ORDER
When Richard Wos failed to file federal income tax returns for 1996 and 1997, the Commissioner of Internal Revenue issued him deficiency notices estimating his taxes for those years. Wos then filed suit in the United States Tax Court, see 26 U.S.C. §§ 6330(d)(1), 7502(a), challenging the Commissioner’s calculations of his tax liability. The tax court held in favor of the Commissioner, and imposed sanctions on Wos for making frivolous arguments. Wos appeals, and we affirm.
In 1996 and 1997 Wos operated a washing machine repair business. Although Wos now admits that for both years his net profit from the business was just over $30,0000, he never mentioned business income in a purported income tax return mailed to the IRS for 1996. That document started as a Form 1040, but Wos lined out most of its preprinted language, including the declaration that the included information was submitted under penalty of perjury. The IRS did not accept it as a valid return. As for 1997, the IRS has no record of Wos filing a return at all. The IRS investigated Wos’s income for those *691years, taking into account both this business income and additional income from a pension, and sent him a single Notice of Deficiency calculating his tax liability for both years.

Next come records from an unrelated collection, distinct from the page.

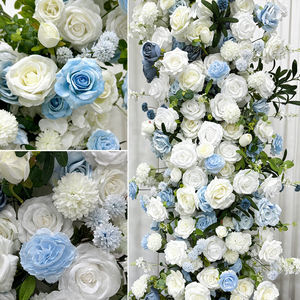 Arco de Flores Artificiales de Loto Azul y Blanco, Diseño Moderno y Lujoso, Realista, Ecológico, Impermeable, Hecho a Mano - Product Image 3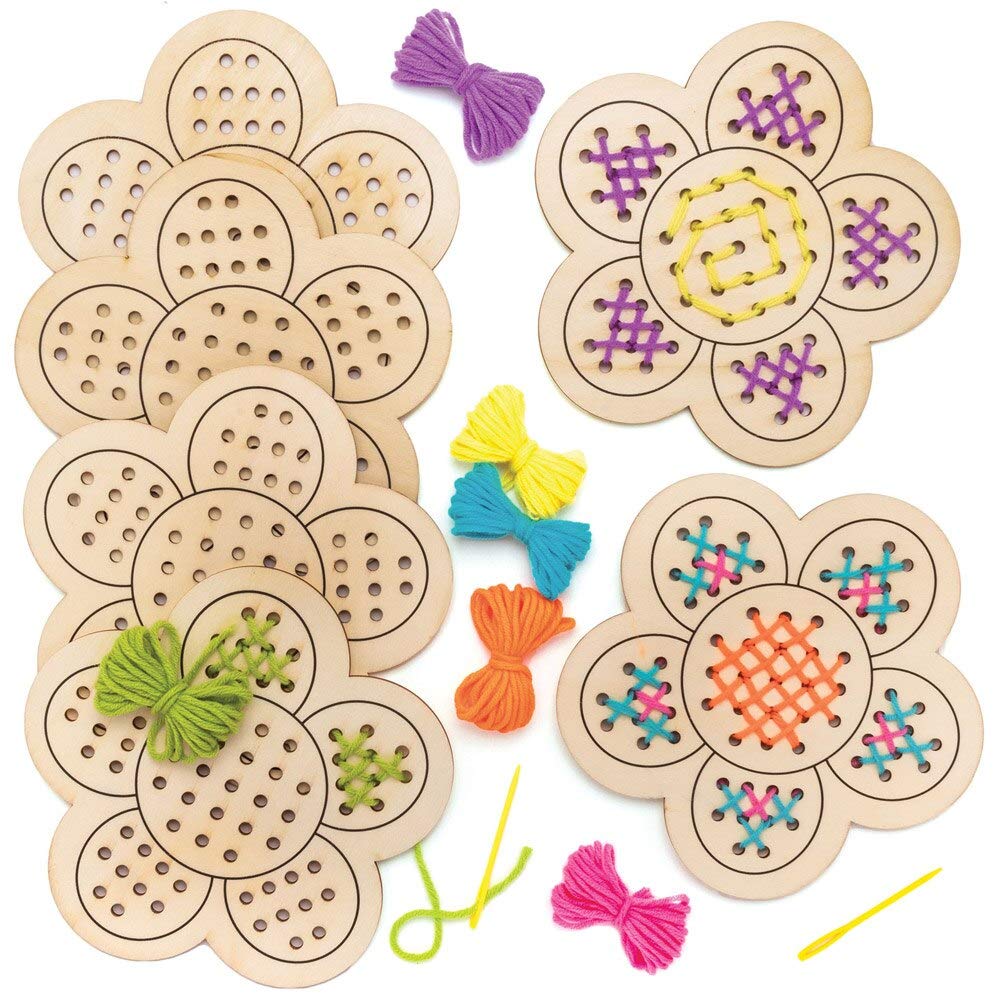 Baker Ross Flower Wooden Threading Kits - Pack of 4, Sewing Arts and Crafts, Craft For Kids (AT378)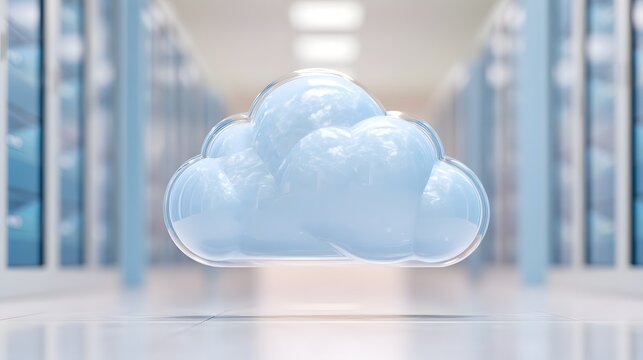 Cloud is floating in a large room with blue walls. The cloud is made of glass and he is floating in midair. The room is empty and the cloud is the only object in the scene - Powered by Adobe
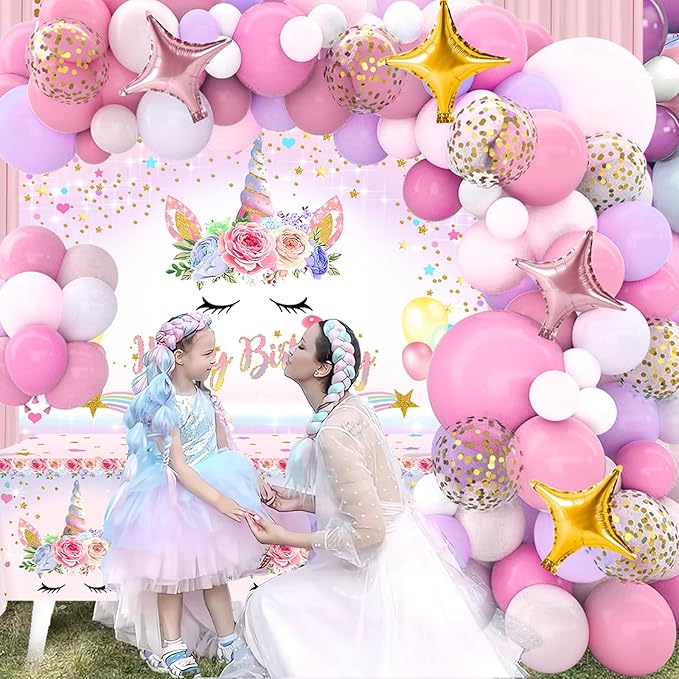 Unicorn Birthday Decorations for Girls,118pcs Unicorn Theme Party Decorations with Balloon Garland Arch Kit Backdrop and Tablecloth for Girls Women Birthday Party Supplies(Pink)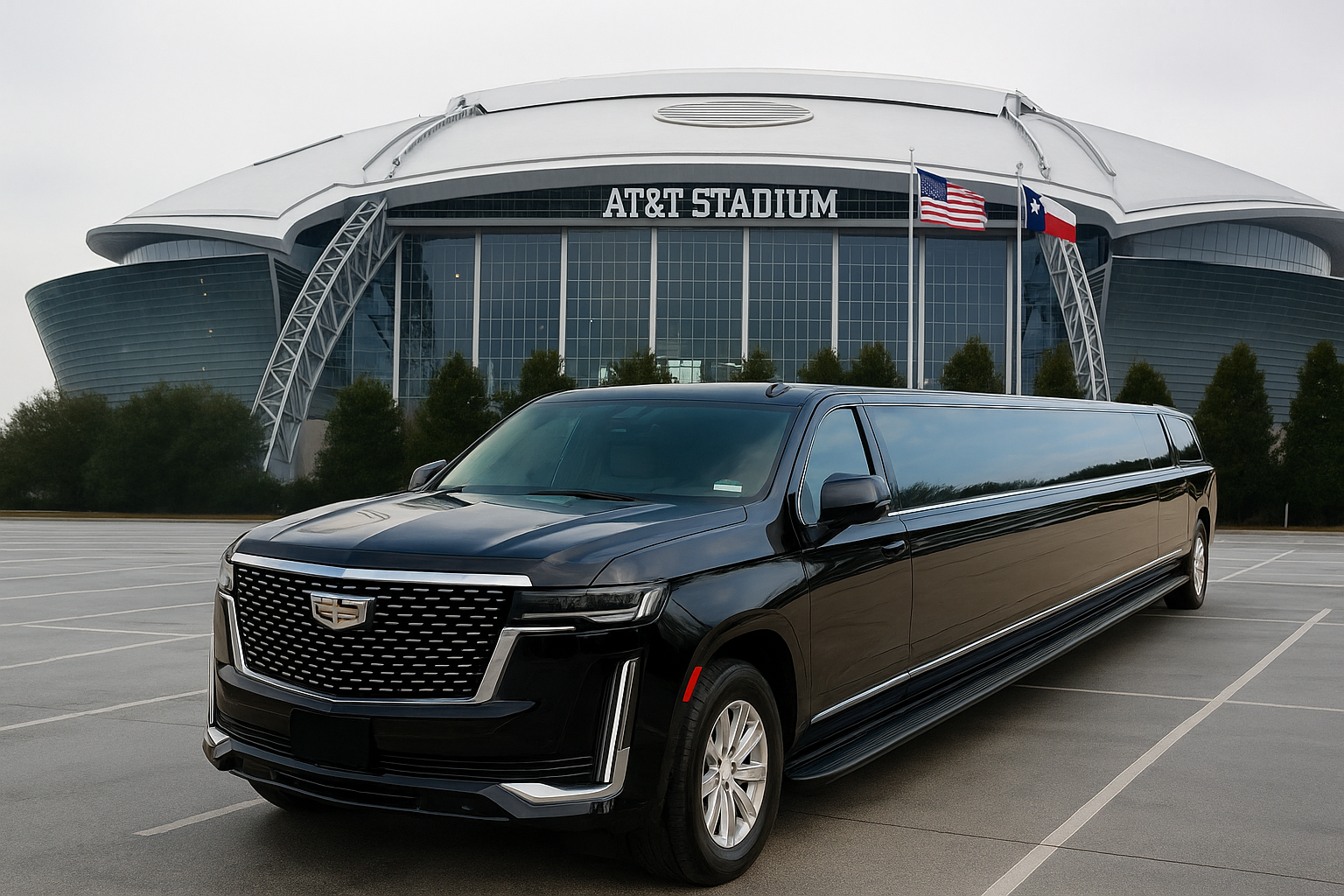 18-passenger 2024 Cadillac Escalade limousine — new fleet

Wos then petitioned the Tax Court to redetermine the deficiencies. Principally he argued that his earnings from the repair business represented an “even exchange” of money for labor that generated no “income” subject to tax. During pretrial proceedings the court twice warned Wos that this argument was frivolous and might result in sanctions. In response, Wos moved for the judge’s recusal, asserting that she was rejecting his argument only because she was prejudiced against pro se litigants. The court denied this motion, but Wos persisted with his contention that the business generated no “income.” After trial the tax court entered a decision in favor of the Commissioner, finding Wos liable for tax deficiencies for both 1996 and 1997, as well as penalties for failure to file. The court also sanctioned Wos $3000 pursuant to 26 U.S.C. § 6673 for advancing a frivolous argument.

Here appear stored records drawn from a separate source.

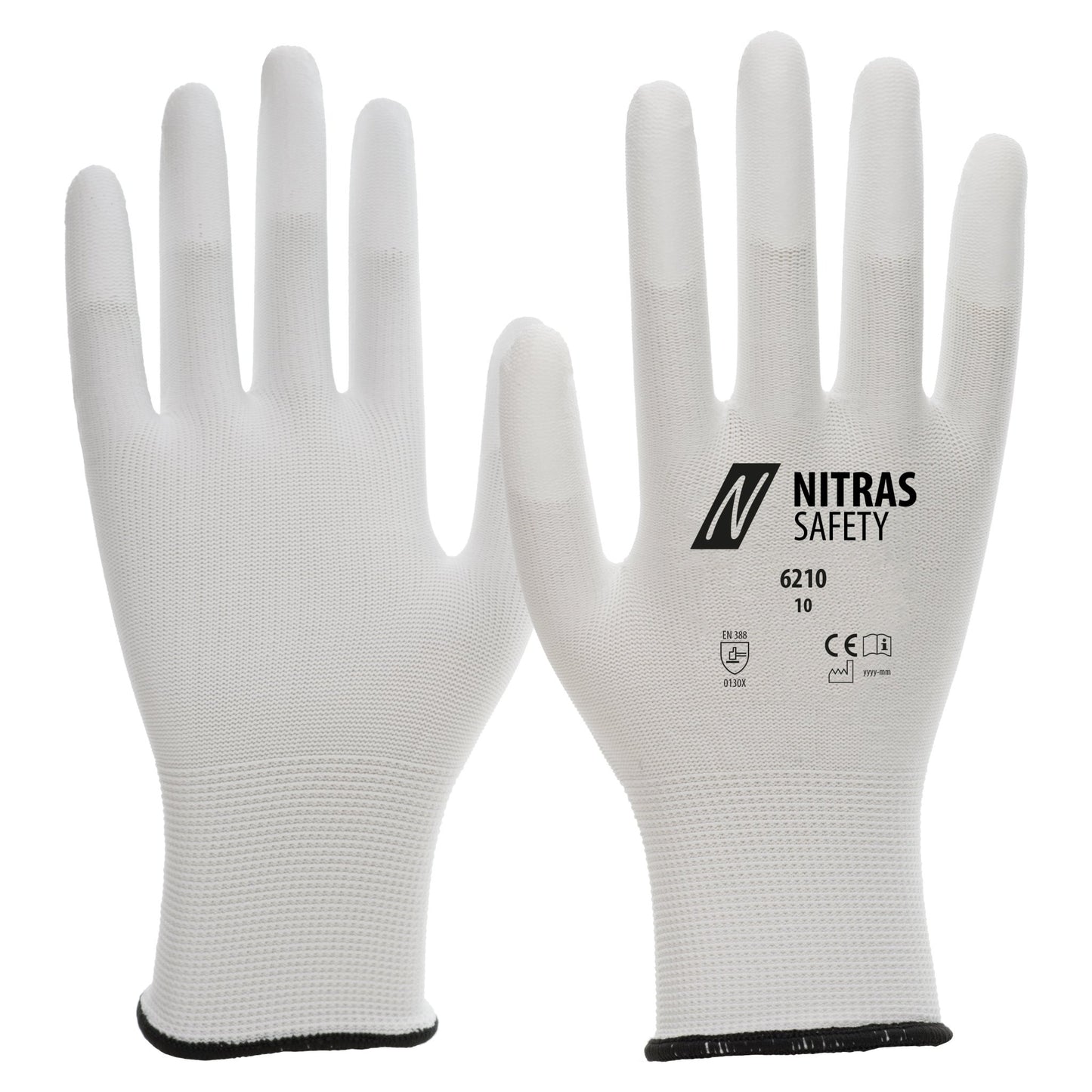 Guanti in nylon NITRAS, bianchi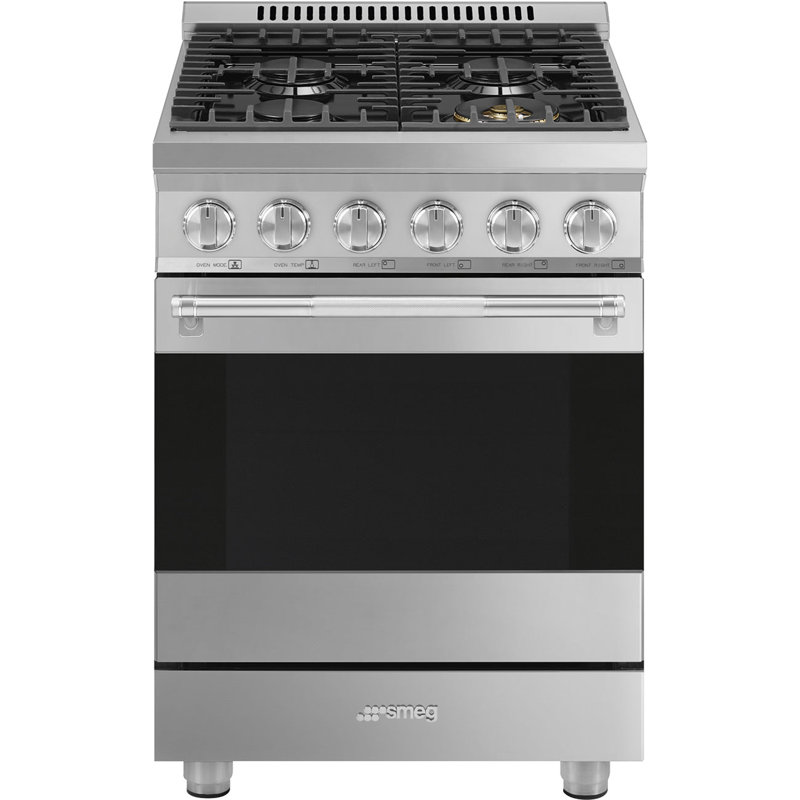 SMEG Cuisinière à gaz 24 po Professional, Argent argent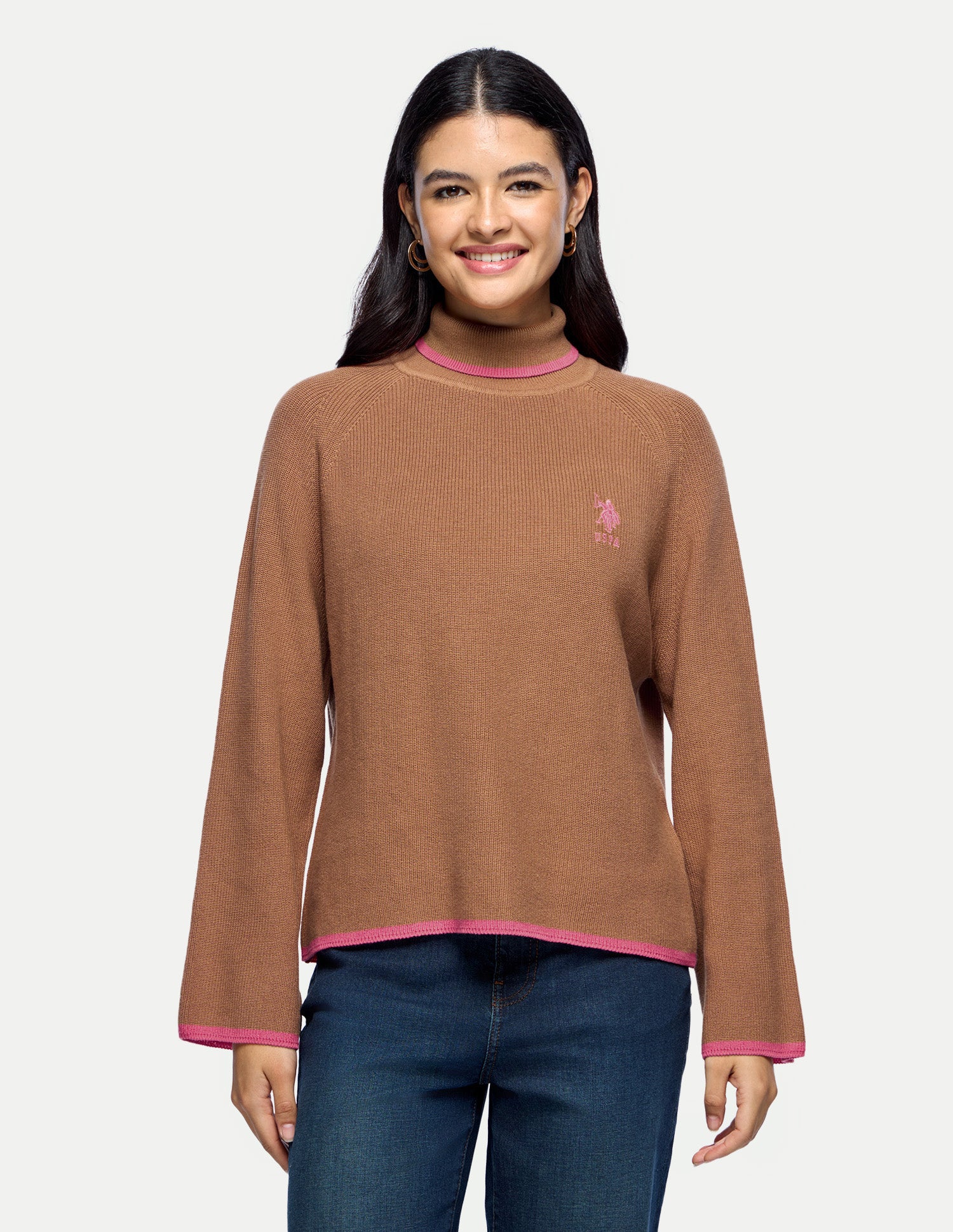 Solid Relaxed Fit Sweater Brown - U.S. Polo Assn. India | Large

On appeal Wos advances three arguments, all of which lack merit. He first argues that the profit derived from his repair business was not taxable “income” because it resulted from an “even exchange” of labor for money. However, it is well established that compensation received for labor is income and subject to taxation. United States v. Cooper, 170 F.3d 691, 691 (7th Cir.1999). Wos also argues that he is not liable for taxes because he never received a “valid assessment” of his liability. This argument, too, misses the mark, because the government need not (and indeed cannot) issue an assessment while a taxpayer’s timely challenge to a notice of deficiency is still pending. 26 U.S.C. § 6213(a); Reynolds v. CIR, 296 F.3d 607, 613 (7th Cir.2002); Murray v. CIR, 24 F.3d 901, 903 (7th Cir.1994). Finally, Wos argues that there has been no valid determination of his tax liability because the Commissioner filed for each year a substitute return labeled as a “substitute for return.” The tax code authorizes the Commissioner to make a “return” from available information in determining the tax liability of those who do not file returns; the code nowhere prescribes a form or name for this return. See 26 U.S.C. § 6020(b)(2); Carlson v. United States, 126 F.3d 915, 926 (7th Cir. 1997). Moreover, a substitute return is not a precondition for issuing a notice of deficiency, so it makes no difference here whether or not the two returns made on behalf of Wos were valid. See 26 C.F.R. § 301.6211 — 1(a); Laing v. United States, 423 U.S. 161, 173-74, 96 S.Ct. 473, 46 L.Ed.2d 416 (1976). The Tax Court’s determination of Wos’s tax liability was not in error.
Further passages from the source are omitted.